Why today’s ‘Magnificent Seven’ stocks have mediocre long-term prospects at best

“Whoever coined the expression ‘Magnificent Seven’ for these companies presumably didn’t see the movie.”


— Robert Arnott

We have no idea which companies will dominate the stock market a decade from now — the “Magnificent Seven” of 2033, in other words.

But we have a good idea which companies won’t be on that list: today’s Magnificent Seven — Microsoft
MSFT,
+1.29%,
Apple
AAPL,
-0.52%
Amazon.com
AMZN,
+0.38%,
Nvidia
NVDA,
+3.45%,
Alphabet
GOOGL,
+1.26%.
Meta Platforms
META,
+1.20%,
and Tesla
TSLA,
+0.66%.

That’s because it’s rare for the largest companies to still be among the largest in a decade’s time. On the contrary, the largest companies in a given year will lag the market on average over the subsequent decade.

These are the results of research conducted by Research Affiliates, the investment firm headed by Robert Arnott. He and fellow researchers focused on the 10 largest-cap companies at the beginning of each decade since 1980. They found that, on average, eight of those 10 were gone from the top-10 list by the end of that decade. Furthermore, the average 10-year performance of all 10 was significantly below that of the overall U.S. market.

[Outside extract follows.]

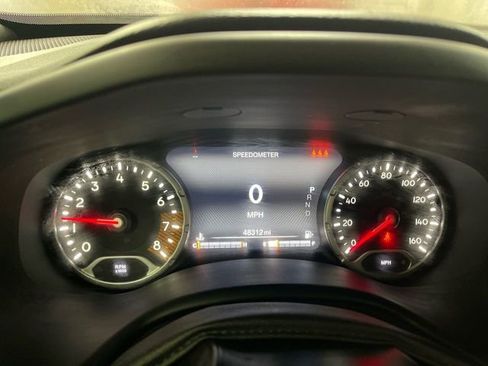 Certified 2019 Jeep Renegade Trailhawk image 15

If the future is like the past, we should expect that perhaps one, maybe two, of the current Magnificent Seven will be in an equivalent list in 2033. Meanwhile, a portfolio of all seven should lag the market over the coming decade.

What accounts for this result? There are several contributing factors:

  • Overvaluation: It’s almost certain that the largest-cap stocks are, on average, overvalued. They are the largest because they are riding a wave of investor sentiment and enthusiasm. Unless you believe that overvaluation doesn’t exist, it’s far more likely to occur among stocks that are in favor than those that are out of favor.

  • Competition: In a 2012 study entitled “The Winners Curse,” Arnott and Lillian Wu, also of Research Affiliates, wrote that “When you are #1, you have a bright bull’s-eye painted on your back. Governments and pundits are gunning for you. Competitors and resentful customers are gunning for you. Indeed, in a world of fierce competition and serial witch hunts in the halls of government, that target is probably painted on your front and sides too. In a world that generally roots for the underdog, hardly anyone outside of your own enterprise is cheering for you to rise from world-beating success to still-loftier success.”

  • Law of diminishing returns: Many of the largest companies are trading on investors’ assumption that they will continue growing at impossibly fast paces, despite already being huge. But it becomes harder and harder to grow at a fast pace the larger a company becomes. Furthermore, even if one of these mega-cap companies could grow at the necessary pace, which is in itself unlikely, it’s mathematically impossible that all of them will be able to, since that would mean than in several years’ time they collectively would be bigger than the economy as a whole.

The bottom line? Regardless of how they may perform over the shorter term, the Magnificent Seven’s long-term prospects are mediocre at best. As Arnott wrote in an email: “Whoever coined the expression ‘Magnificent Seven’ for these companies presumably didn’t see the movie, where four of the seven are dead by the end of the film.”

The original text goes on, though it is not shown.